Sallie Mae will find itself in junk territory should its planned buyout be approved. The student loan lender plans to bring as much as $16.5 billion to the leveraged finance markets before the end of the year, according to Fitch Ratings' forward high yield and leveraged loan calendars - $12.5 billion in term loans and $4 billion in high yield bonds. Banc of America Securities and JPMorgan are the underwriters on the deal, which they are also a part of.
The Reston, Va.-based firm plans to use the proceeds to finance its $25 billion buyout by J.C. Flowers & Co. and Friedman Fleischer & Lowe, along with JPMorgan Chase Bank and Bank of America. J.C. Flowers and Friedman Fleischer & Lowe will together invest $4.4 billion and own 50.2% of Sallie Mae, and JPMorgan and Bank of America will each invest $2.2 billion and own 24.9%. SLM agreed to be acquired by the buyout group April 16.

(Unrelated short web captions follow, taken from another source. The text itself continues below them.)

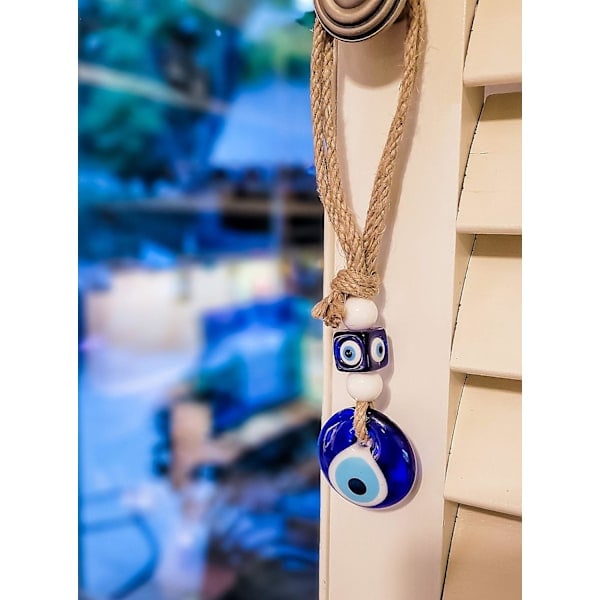 MYSTIC JEWELS - Ondt Øye for Hus, Biler - Lykkeamulett - Lykke Ornament (Blå)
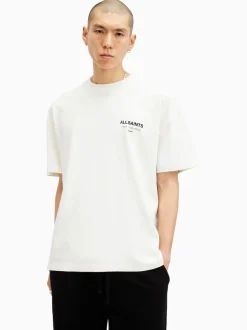 Blanc - T-shirt AllSaints Underground oversize en coton à col rond
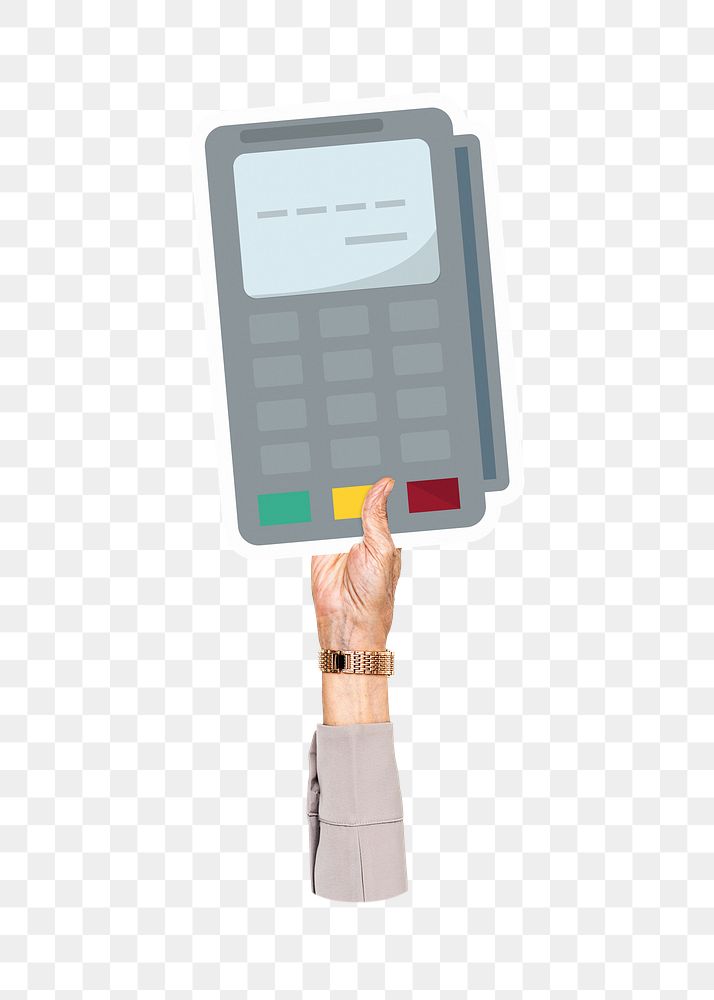 Credit card machine png sticker, transparent background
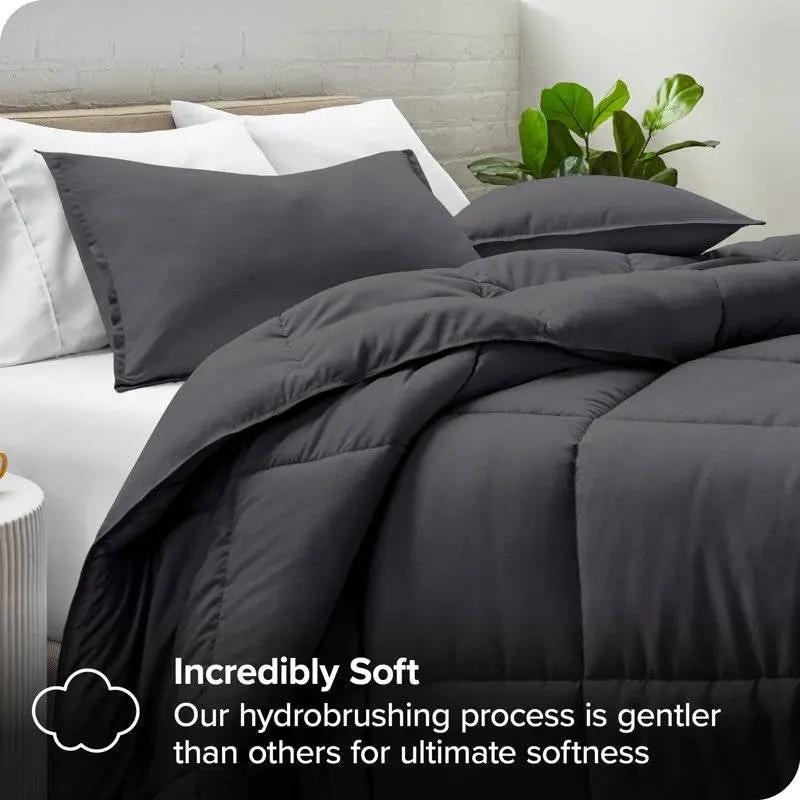 Full/Double Size All Season Super Soft Down Alternative Comforter Set Grey by HomePacific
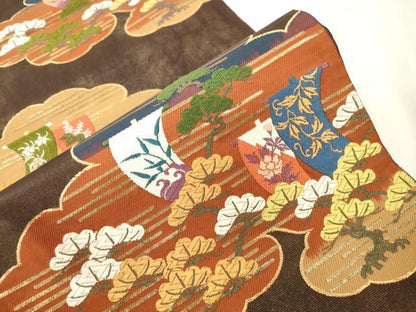 平和屋着物●六通柄袋帯　唐織　ボストン美術館　松樹帆掛舟文　金糸　正絹　逸品　CABJ9511dy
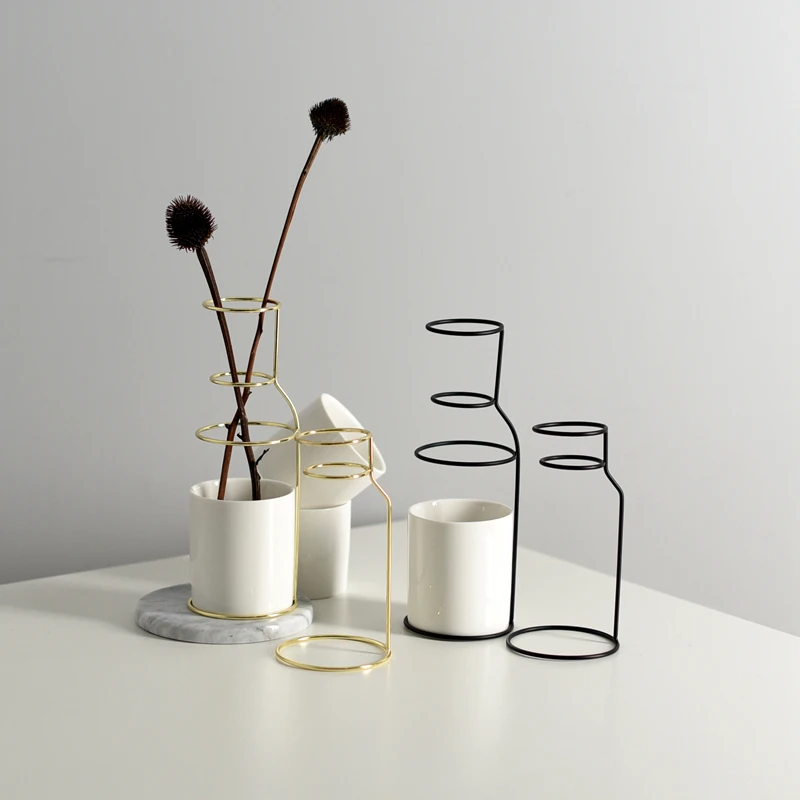 Набор из 2 предметов Минималистичная керамическая ваза для цветов с железной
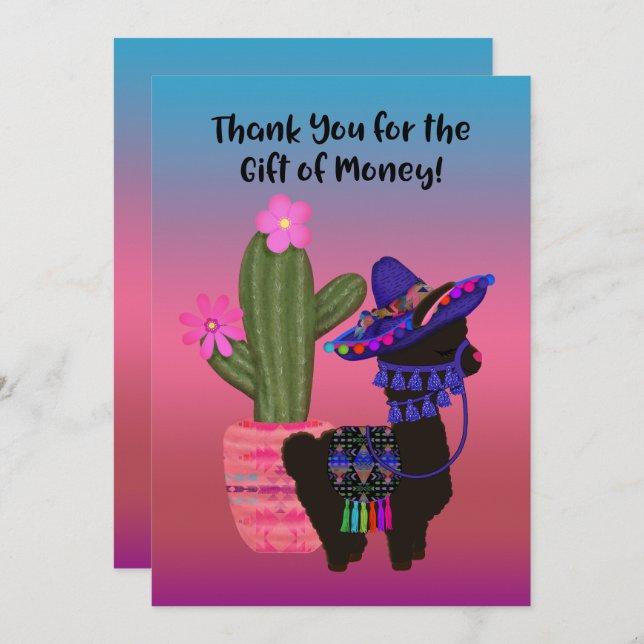 Thank You Money Gift Llama with Sombrero (Front/Back)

The company expects to have final shareholder approval for the deal late in the year and the debt financing in place before the end of 2007. If the deal is consummated, it will be the largest LBO ever in the financial services industry.
The firms buying Sallie Mae either declined to comment on the deal or did not reply to requests for comment by press time.
Ratings agencies took notice of the highly levered transaction, and both Moody's Investors Service and Standard & Poor's will slash the ratings on Sallie Mae, dropping them to junk territory if the deal goes through as is. S&P already has lowered the company's credit rating by two notches to BBB+' from A.'
"Standard & Poor's believes that when this transaction is completed, and we expect that it will be, financial risks for all classes of existing debt holders will be greatly increased," Ernest Napier, a primary credit analyst with S&P, said in a report. He added that the ratings on the company and its debt would fall into junk territory once the deal is completed, but that the company's BBB+' credit rating accurately reflects its credit standing.
Sallie Mae agreed to the buyout at a critical time. The company, and the student lending industry as a whole, has come under fire for what critics consider predatory lending practices and inappropriate relationships with academic financial aid administrations. Like those in the subprime mortgage market, Sallie Mae and other lenders were accused of lending to people with bad or no credit at exorbitant interest rates. Student lenders, Sallie Mae not included, have also come under fire for paying university financial aid officials who steered students their way.
Five days before signing off on the buyout deal, Sallie Mae agreed to end some of its programs with university financial aid offices and to fund a lending education initiative to the tune of $2 million. The move came after an investigation by the office of New York State Attorney General Andrew Cuomo. Authorities in several other states are also conducting investigations into Sallie Mae and other student loan providers.
Congress has taken notice as well. Connecticut Democratic senator and presidential candidate Christopher Dodd, who is chairman of the Senate Banking Committee, plans to initiate new legislation that would require additional disclosures from lending companies, allow the Federal Reserve Board to track student lending and provide incentives for banks to offer loans at lower interest rates to poor students.